Plaintiff excepted to the. above charge and assigned the giving of same as error, contending that it does not correctly state the law applicable to the case. This raises the question of whether the rights of pedestrians and bathers to use the beaches of the Atlantic Ocean (which have been declared to be a public highway) for bathing and recreation are superior to the use of such beaches by motorists.

This Court has held many times that a riparian or littoral proprietor, who owns to ordinai-y high-water mark of the ocean or Gulf or other navigable waters, has common law rights in the adjacent waters, such as access to the waters, with the rights of bathing and fishing’ in and navigation over such waters, in common with the general public, subject to lawful regulation by the sovereign State in the interest of the public, and subject to the authority of Congress as to commerce and navigation. Thieson v. Gulf F. & A. R. Co., 75 Fla. 28, 78 So. 491, L. R. A. 1918E, 718; Broward *58 v. Mabry, 58 Fla. 398, 50 So. 826; Brickell v. Trammell, 77 Fla. 544, 82 So. 221; Freed v Miami Beach Pier Corp., 93 Fla. 888, 112 So. 841, 52 A. L. R. 1177.

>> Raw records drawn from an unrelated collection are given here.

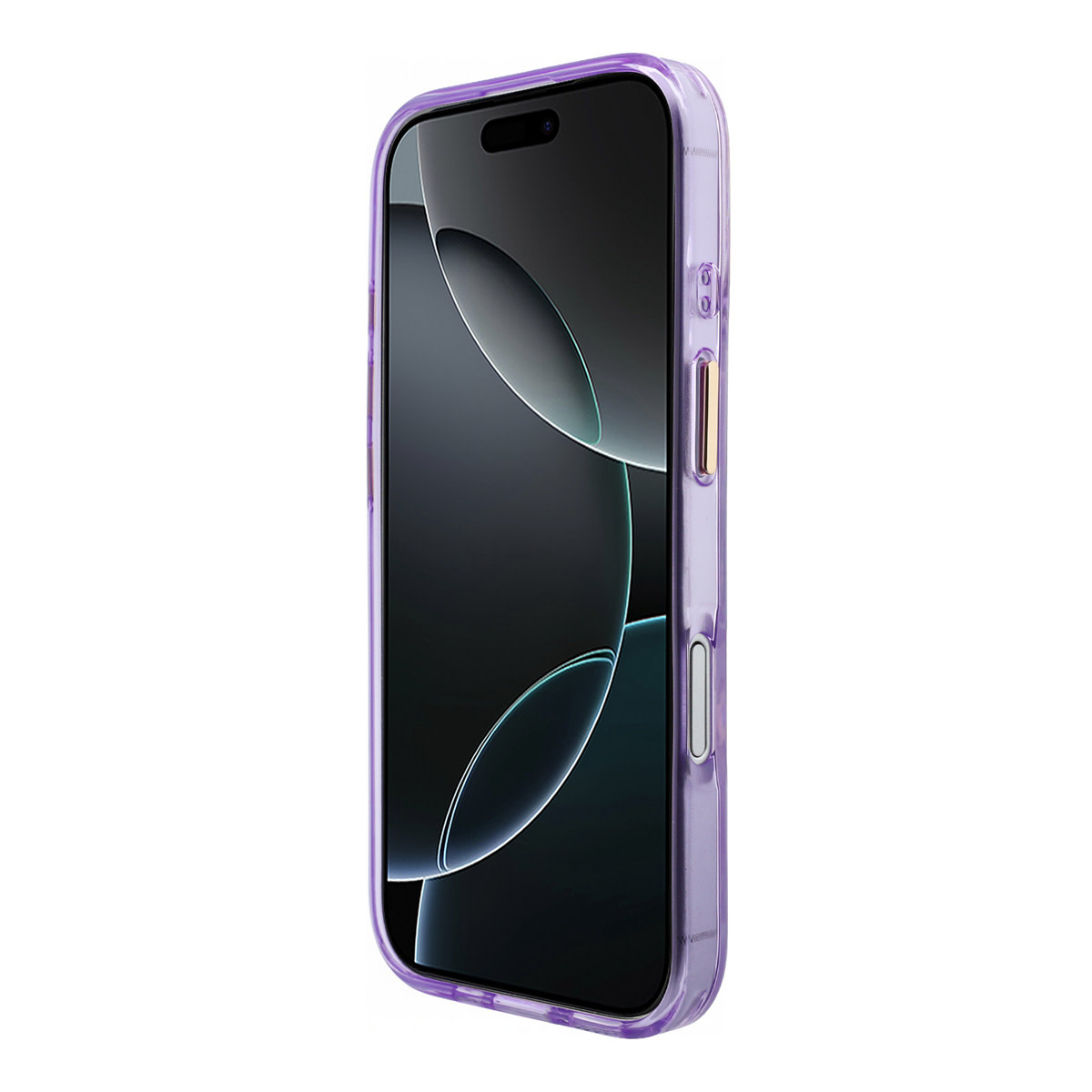 Guess Guess iPhone 17 Backcover hoesje - HC Magsafe IML Shell Script Metal - Paars, foto 6 van 6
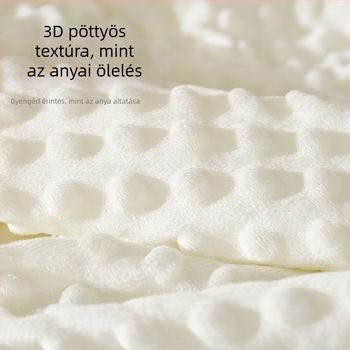 100% pamutból készült újszülött csomagoló kendő pöttyös mintával, négy évszakos használatra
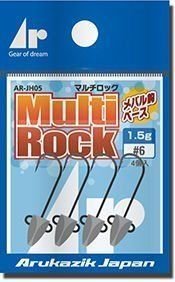 Arukazik Ar Head Multirock Lrf Jighead 1.5 gr #6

In Sallas v. State, 98 Fla. 464, 124 So. 27, we held that: “The fact that Atlantic and Jacksonville Beaches have been made public highways by legislative enactment in no way modifies or restricts the use and right of the pedestrian public in the use of them for lawful purposes, and we think that right equal to, if not superior to, that of the motorist. Bathing and recreation constitute the primary use of most of our beaches.”

See also Town of Atlantic Beach v. Oosterhoudt, 127 Fla. 159, 172 So. 687.

“The title of the owner of lands abutting on the ocean extends to high-water mark, and such owner's riparian or littoral rights are those, allowed by law in the use of the waters and of the beach or shore between high and low water mark. Such uses include access to the water from the abutting property over the beach or shore, and, in common with the public, the rights of bathing, fishing, and navigation in the waters subject to appropriate valid governmental regulations. While the primitive uses of the beach or shore are purposes incident to the use of the water of the ocean for bathing, fishing and navigation, the sovereign state may in the interest of the general welfare authorize the beach or shore to be appropriately used as a public highway, subject to a reasonable use of the beach or shore for its primary public purposes and subject to lawful governmental regulation.” Adams v. Elliott, 128 Fla. 79, 174 So. 731, text 753.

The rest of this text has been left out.